Syncretic practices blending Catholicism with Taíno indigenous and West African religious elements persist in specific forms, though less visibly than Santería's presence in Cuba or Vodou's in Haiti. Espiritismo, a spiritualist practice developed in the 19th century incorporating beliefs in spirit communication and healing, maintains practitioners across the island despite Catholic Church opposition. Espiritista centros (centers) operate in residential buildings, identifiable mainly to those aware of their function, where mediums conduct sessions connecting participants with deceased relatives or spirit guides. Allan Kardec's writings, particularly "The Spirits' Book" published in France in 1857, provided the theoretical framework Puerto Rican espiritismo adapted. The practice incorporates Catholic prayers and saints' imagery while the Church officially considers it incompatible with doctrine. Anthropologist Joan Koss estimated in her 1975 study that between 100,000 and 150,000 Puerto Ricans participated in espiritismo, either as regular practitioners or occasional consultants seeking spiritual healing. Botánicas, shops selling religious items, herbs, and ritual materials, exist in most urban neighborhoods, displaying Catholic saint statues alongside items used in espiritista practice and Santería, serving diverse customer bases without denominational restriction.

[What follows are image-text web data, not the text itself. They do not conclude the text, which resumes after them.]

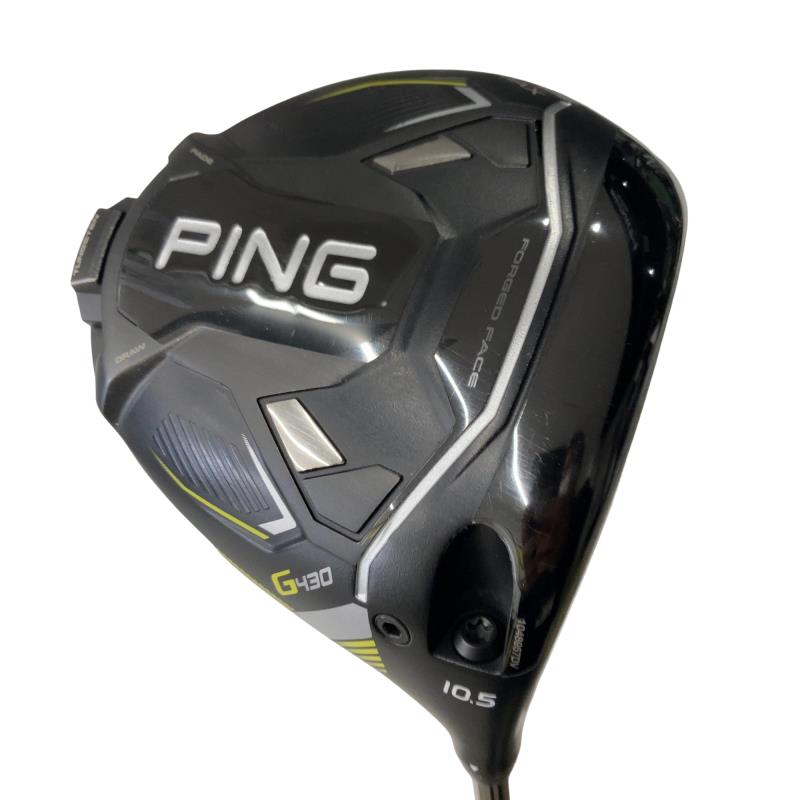 【中古】 ピン G430 SFT 10.5&deg; ドライバー DR PING TOUR 2.0 CHROME 65(DR) (フレックスS) メンズ 男性用 右利き 右用 Cランク ゴルフクラブ｜ゴルフパートナー 中古クラブ店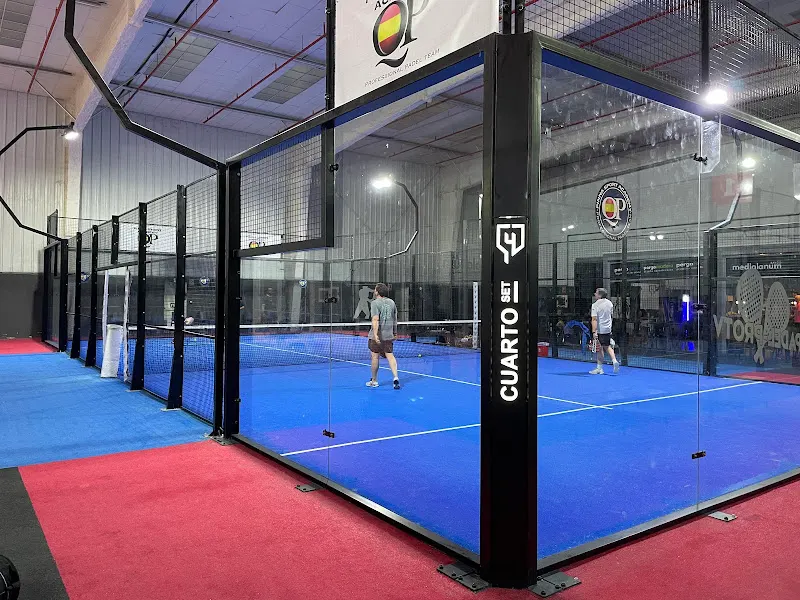 Cuarto Set - Padel Indoor - Colmenar Viejo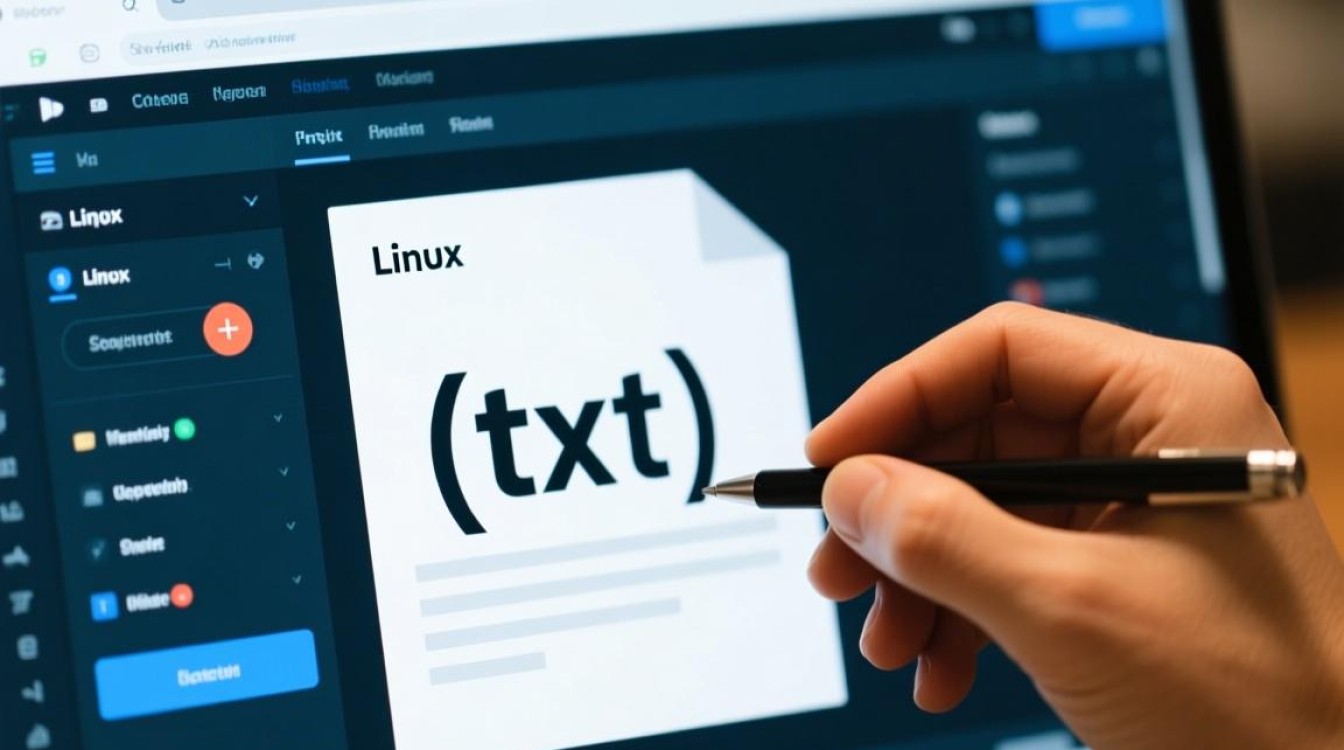 Linux下创建txt文件,命令怎么用?详细步骤是什么? Linux下创建txt文件,命令怎么用?详细步骤是什么?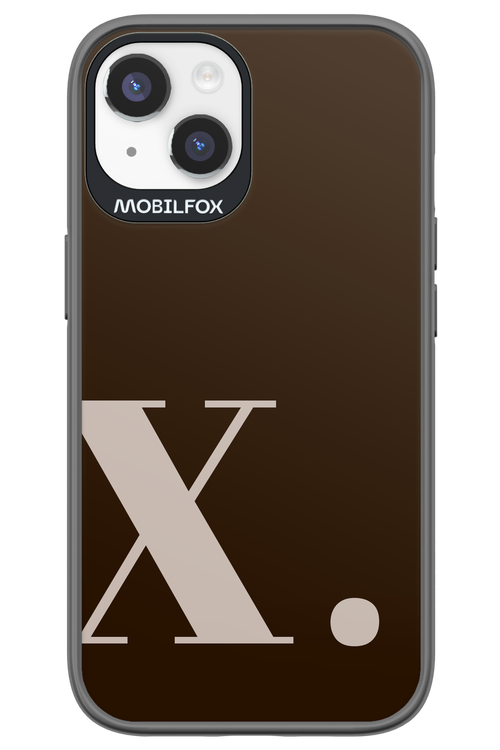 X (Mokka Foam) - Apple iPhone 14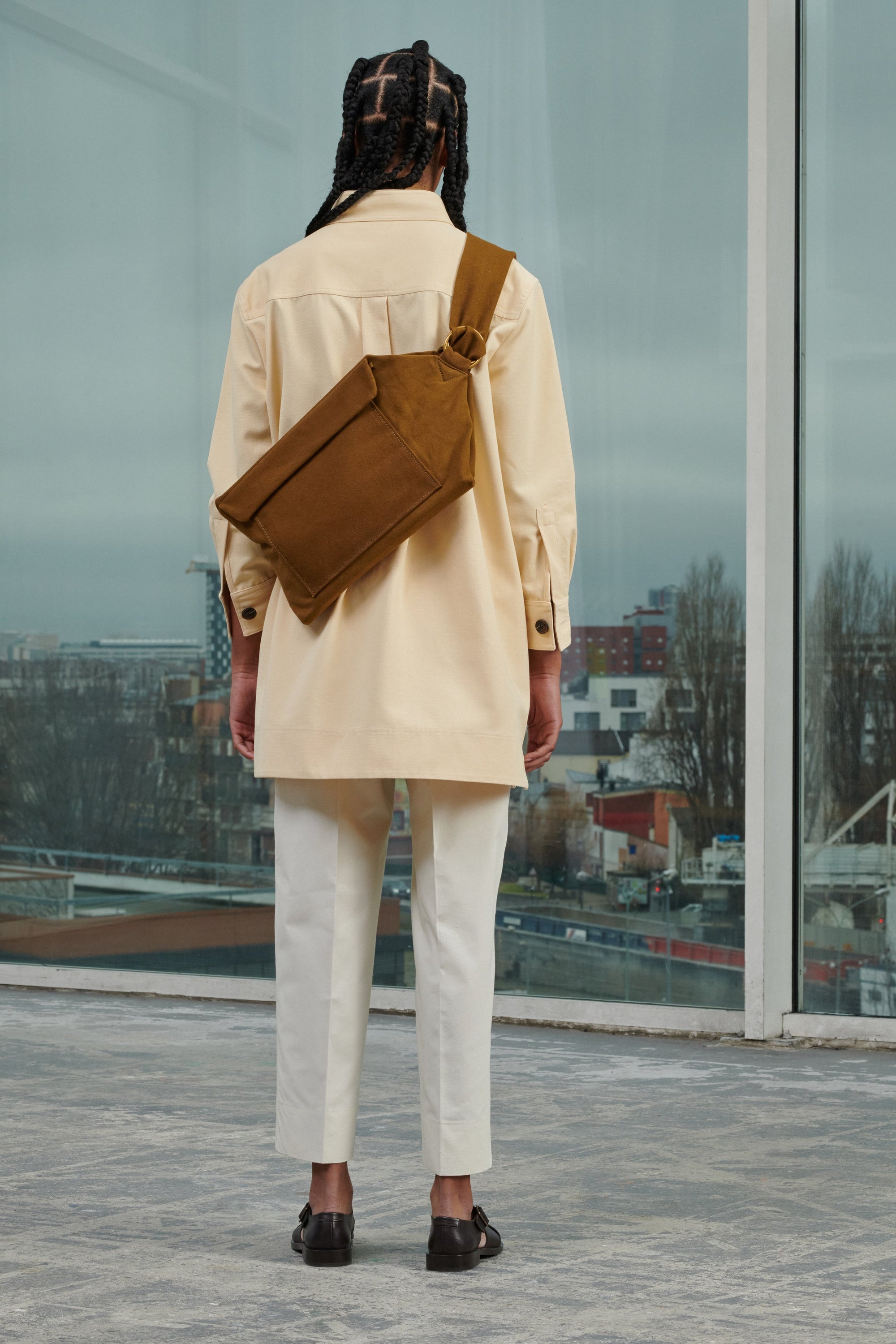 ECRU PANTALON SARAJEVO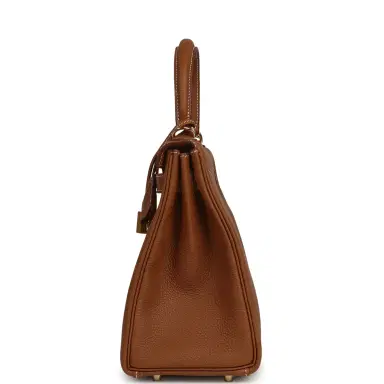 HERMÈS Hermes Kelly Retourne 28 Gold Togo Gold Hardware | Thumbnail 4 HERMÈS Hermes Kelly Retourne 28 Gold Togo Gold Hardware | Thumbnail 4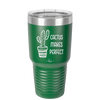 Cactus Makes Perfect - Laser Engraved Stainless Steel Drinkware - 2080 -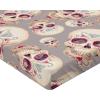 Ambesonne Floral Fitted Sheet, Valentine’s Day Concept Art Pastel Repetitive Roses Pattern Plot, Decorative Soft Bedding All-Round Elastic Pocket, California King, Dark Pink Blush and White(Dark Pink and Pale Seafoam)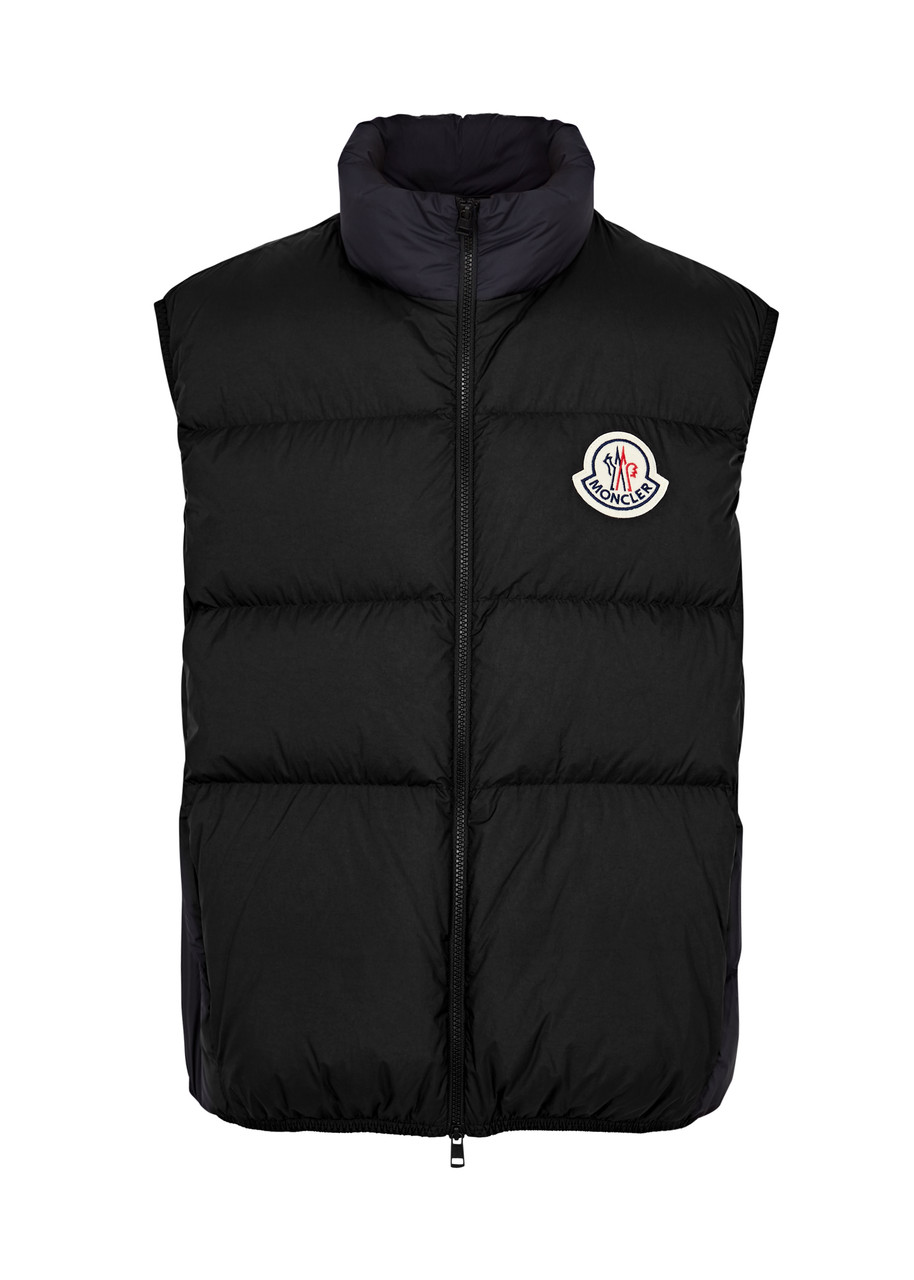 MONCLER Almaz quilted shell gilet Harvey Nichols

Capilla del Cristo in Old San Juan, constructed in 1753, exemplifies how specific sacred sites maintain devotional significance regardless of broader secularization trends. The chapel occupies a site where, according to tradition, a rider in a 1753 horse race plunged over the city wall toward the harbor below, prompting construction of the chapel in thanksgiving for his survival or in memorial for his death (accounts vary). Pilgrims leave written petitions and offerings at the silver altar, accumulating objects including photographs, jewelry, and medical braces. The practice continues weekly despite the chapel's location within the heavily touristed Old San Juan district. Santuario de la Virgen del Carmen in Sabana Grande attracts pilgrims particularly around the Virgin of Carmen feast day on July 16, with devotees traveling from across the island for Mass and to leave petitions. The site gained prominence in 1899 when three children reported Marian apparitions, though the Catholic Church never officially recognized these as authentic supernatural events. The Archdiocese permits devotion while maintaining official neutrality on the apparitions' nature.